Ken’s in the paper (again)

Ken made the Press of Atlantic City (again) for tennis:

Boys tennis notebook
Published: Wednesday, May 2, 2007

On his way to his second-straight Cape-Atlantic League individual tennis title, Keith Goldstein dropped his first set to familiar foe George Gennaoui of St. Augustine Prep, 6-2.

Eagles’ coach Ken Keim called him over to the fence and spoke to Goldstein, who nodded for the better part of the 30-second lesson. After trudging through the first set and looking beatable throughout, the sophomore promptly went out and won the next two sets 6-2 and 6-3.

When it comes to offering pep talks, Keim is readily available, but when it comes to offering pure tennis instruction, specifically with Goldstein, there’s little he can say that his star singles player doesn’t already know.

“I just try to keep his head steady,” Keim said. “As far as improving their tennis skill there’s not much you can do. It’s more nurturing a player then coaching them.”

It’s a common theme among high school tennis coaches, one arrived at not because of their lack instructional knowledge or experience playing the game, but because there are players like Goldstein, Gennaoui and Absegami’s Bryan Nguyen, who finished third in the CAL tournament, who are just on a higher level.
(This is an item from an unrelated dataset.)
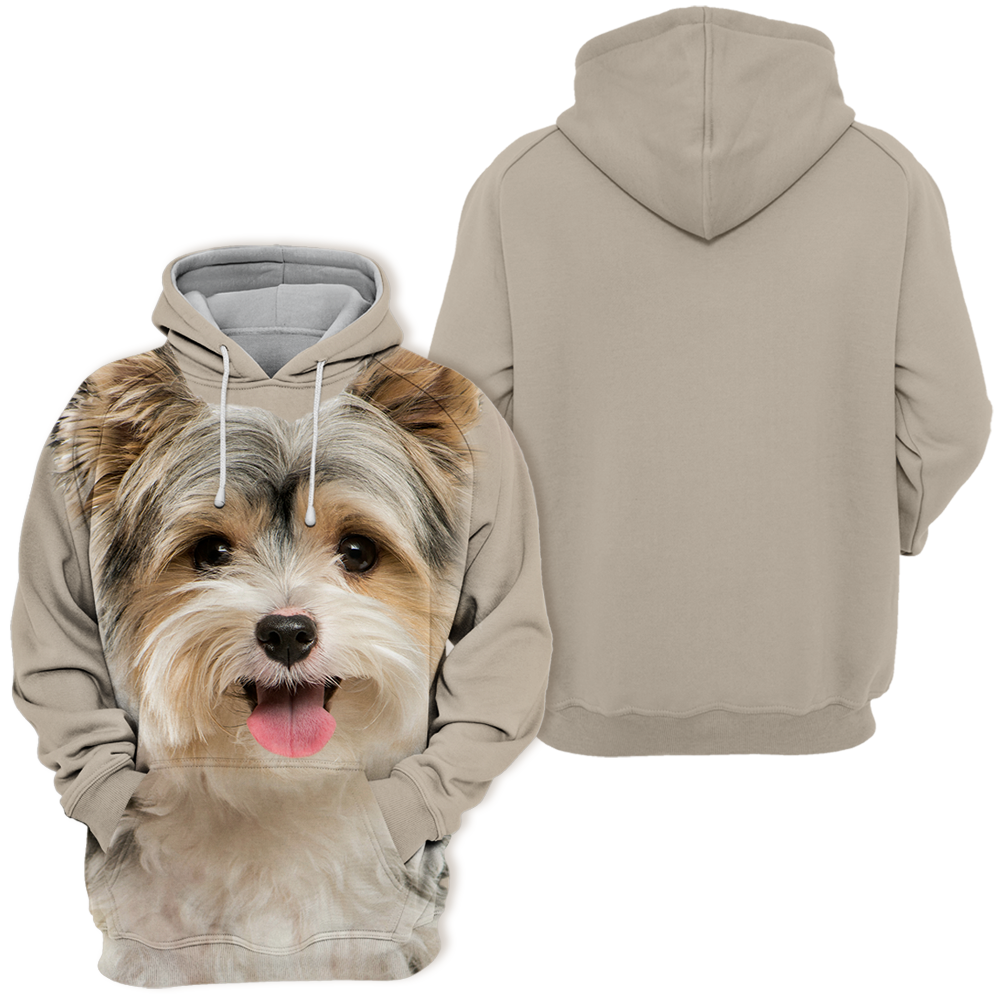 Uniseksowy Kaptur dla Psów | Yorkshire Terrier Yorkie Szczęśliwy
Those top players come into high school having played tennis their entire lives. Players like Goldstein, Gennaoui and Nguyen play in tournaments outside of school against competition that’s often better than what they’ll find playing on a high school team.
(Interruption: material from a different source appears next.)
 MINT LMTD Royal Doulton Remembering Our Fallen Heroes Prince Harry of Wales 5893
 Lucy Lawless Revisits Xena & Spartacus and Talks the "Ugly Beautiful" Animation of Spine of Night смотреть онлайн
The key for these coaches is having their top players buy into being part of a team.

“The thing with tennis is it’s all individual,” Absegami coach Greg Goodwin said. “You go to tournaments, you’re by yourself and you’re just kind of alone. As a coach you just hope that they want to be part of a team.”

Absegami’s Nguyen, a Press All-Star last season, has found individual success this season, but in a loaded American Conference the Braves struggled as a team to start the season. Goodwin credits Nguyen’s patience and dedication to the team concept for helping to make positive strides.

“It makes it easy (to coach),” Goodwin said. “A lot of time with tennis it’s not what you do from March to May but what you do from May to March. He’s on a higher level. He wants to help, and if he didn’t want to help, I don’t think the team would respond to him like they do.”

A look ahead

The Vineland Invitational will take place on Sunday with Vineland hosting Toms River North, Pennsville and Lenape.